I don't think the autoignition temperature of E85 is high enough. If it is, it won't be good on the fuel system.
I know of two trials using ethanol fuel in Diesel engines.
ADM (huge agri-business conglomerate) did it in 1992 with some Detroit Diesel engines they converted. The fuel used was 95% ethanol and 5% gasoline. Engines were modified with 23:1 compression (up from 18:1 in the standard 6V-92TA engines), injectors with larger holes, modified ECU, and glow plugs added for cold starts. Engine power was OK for the most part but injectors repeatedly needed to be replaced due to clogging with come coke/gum deposits.
In modern times, Scania (European truck manufacturer) offers an inline-5 engine for mass transit buses (but maybe they could and would offer it in semis if someone wanted to buy it?) that uses ED95 fuel. The fuel is 95% ethanol and then 5% of an ignition-improver (something with a high cetane number) that also acts as a lubricant and corrosion inhibitor in the fuel system. Maybe the 5% is a mixture of things to do all those jobs, but it's a blended fuel with 95% ethanol. For their engines, compression is all the way up to 28:1 and the exhaust is so clean that I don't think it needs a particulate filter.

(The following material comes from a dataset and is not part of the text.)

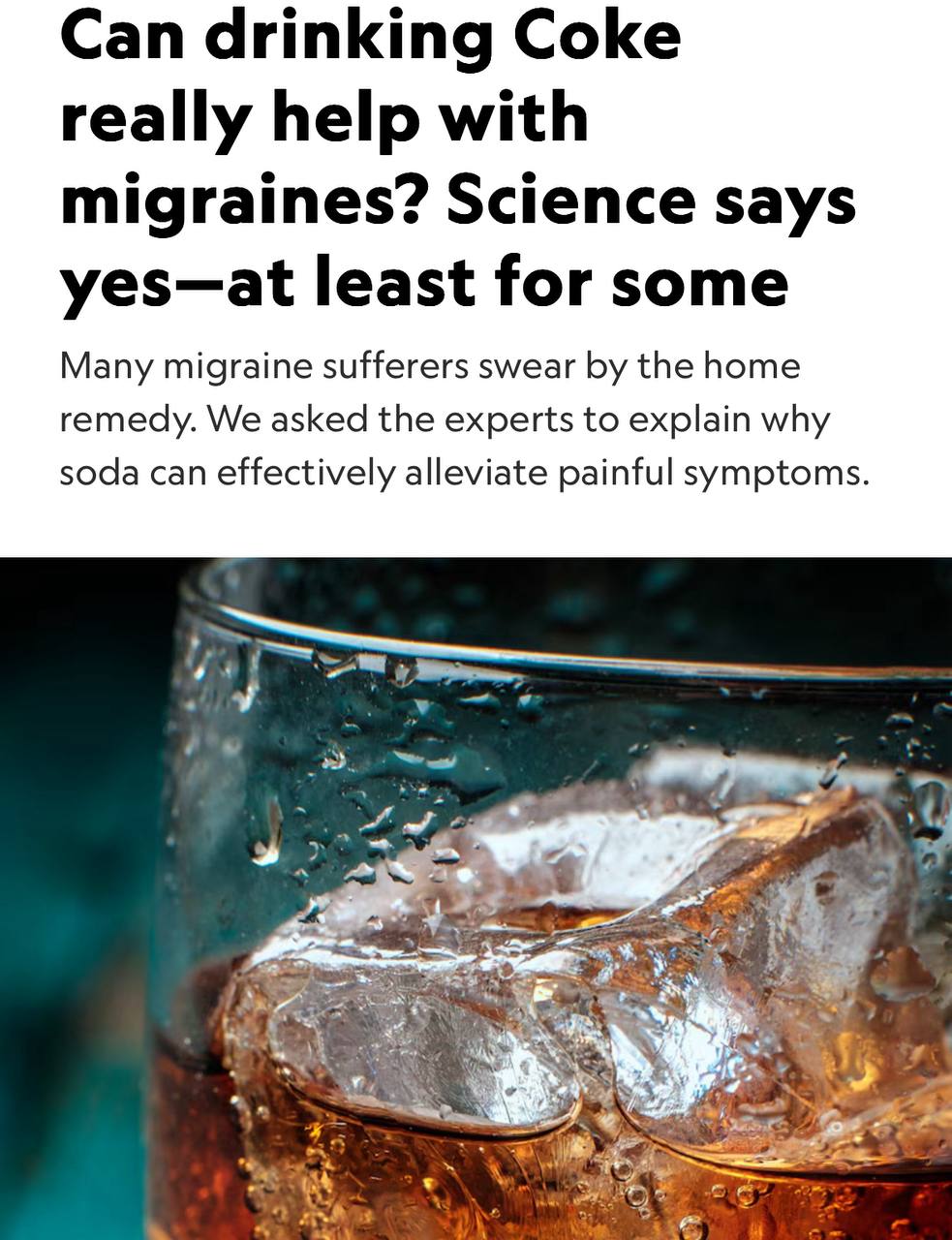 Кола убирает мигрень — исследователи подтвердили: холодная сладкая газировка может... 2 file_100.jpg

There are also some dual-fuel engines that use natural gas. The Napa Valley Wine Train operates a vintage locomotive that uses compressed natural gas. I think the engine has an ECU programmed to always inject Diesel fuel at idle and as an ignition event, and the natural gas is fed into the engine intake through some sort of carburetor or fuel injection that mixes it all in and it's a gas drawn into the cylinders. The compression doesn't ignite the natural gas so they still need a pilot injection of Diesel fuel to ignite each combustion event as if it were like a spark plug. This also has some fall-back operation where they can run out of CNG fuel and switch back to using 100% Diesel in limited circumstances.